:: PROBLEM DETAILS ::
Reproduce each record exactly. The pictures should be skipped.

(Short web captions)
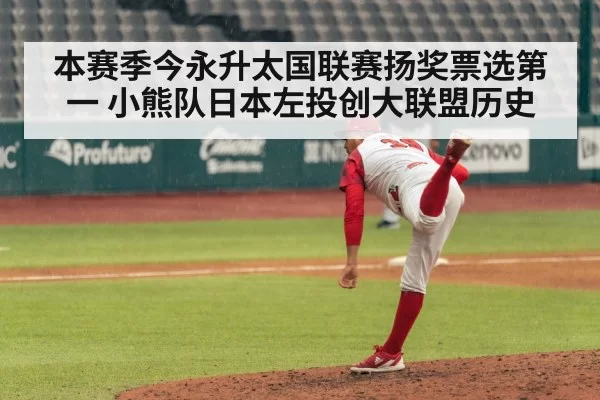 本赛季今永升太国联赛扬奖票选第一 小熊队日本左投创大联盟历史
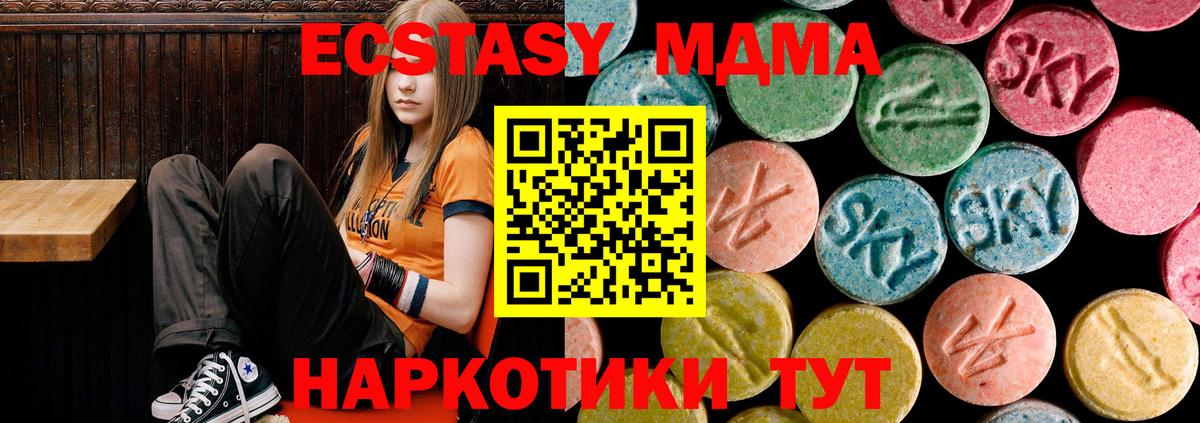 МДМА Molly  MDMA  Волгоград  MDMA crystal  Вход с VPN 
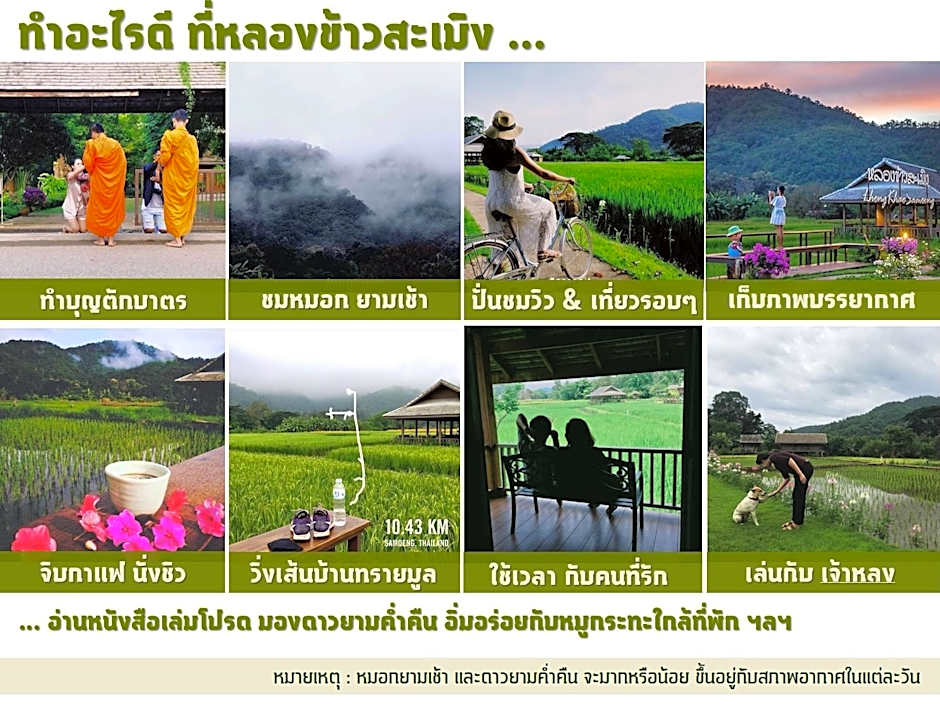 Lhongkhao Samoeng by Chi Villa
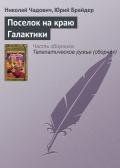 Поселок на краю Галактики (Сборник) - Чадович Николай Трофимович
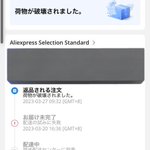 何が起こった!？注文したものが、破壊されて届かない件。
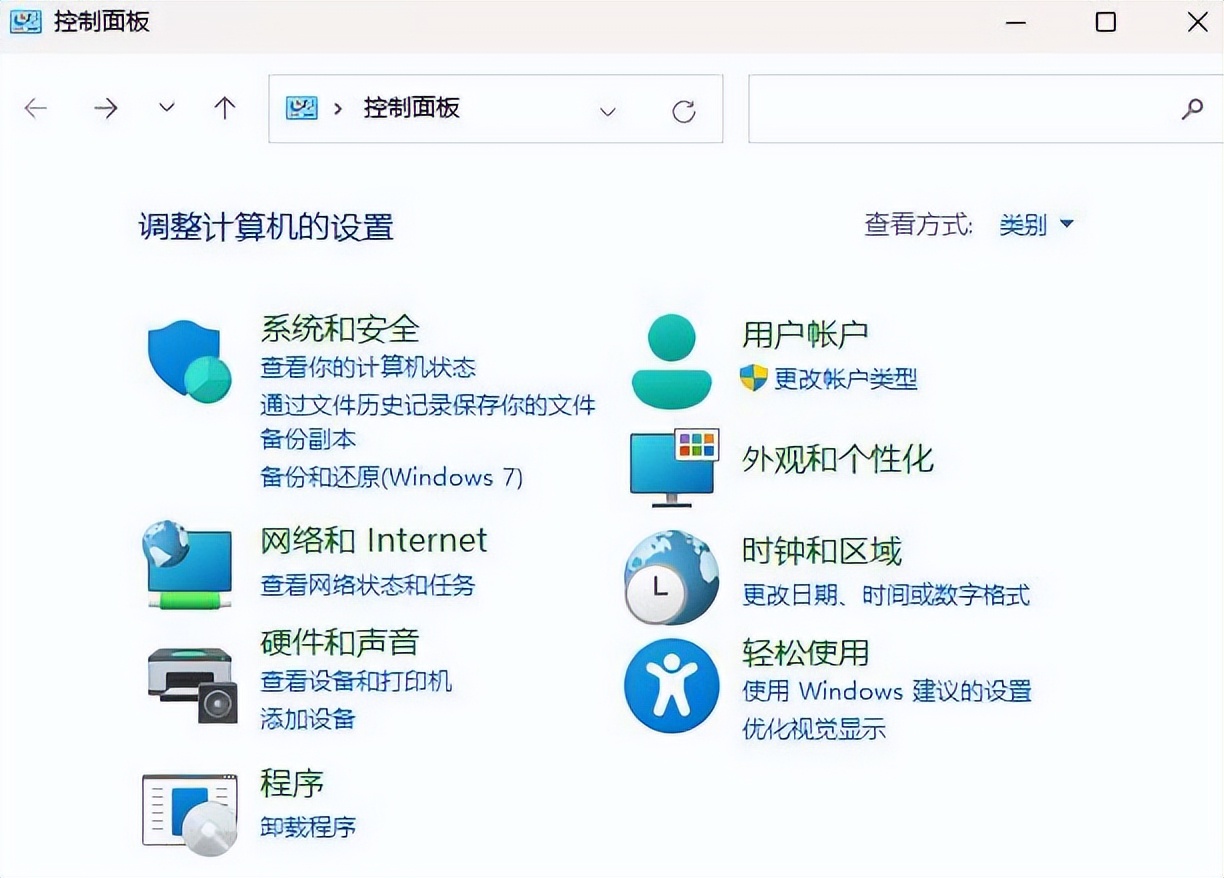 电脑连接打印机时遇到0X00000709错误代码：解决指南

:: EXERCISE RESPONSE ::
 本赛季今永升太国联赛扬奖票选第一 小熊队日本左投创大联盟历史
 МДМА Molly  MDMA  Волгоград  MDMA crystal  Вход с VPN 
 Lhongkhao Samoeng by Chi Villa
 Поселок на краю Галактики (Сборник) - Чадович Николай Трофимович
 何が起こった!？注文したものが、破壊されて届かない件。
 电脑连接打印机时遇到0X00000709错误代码：解决指南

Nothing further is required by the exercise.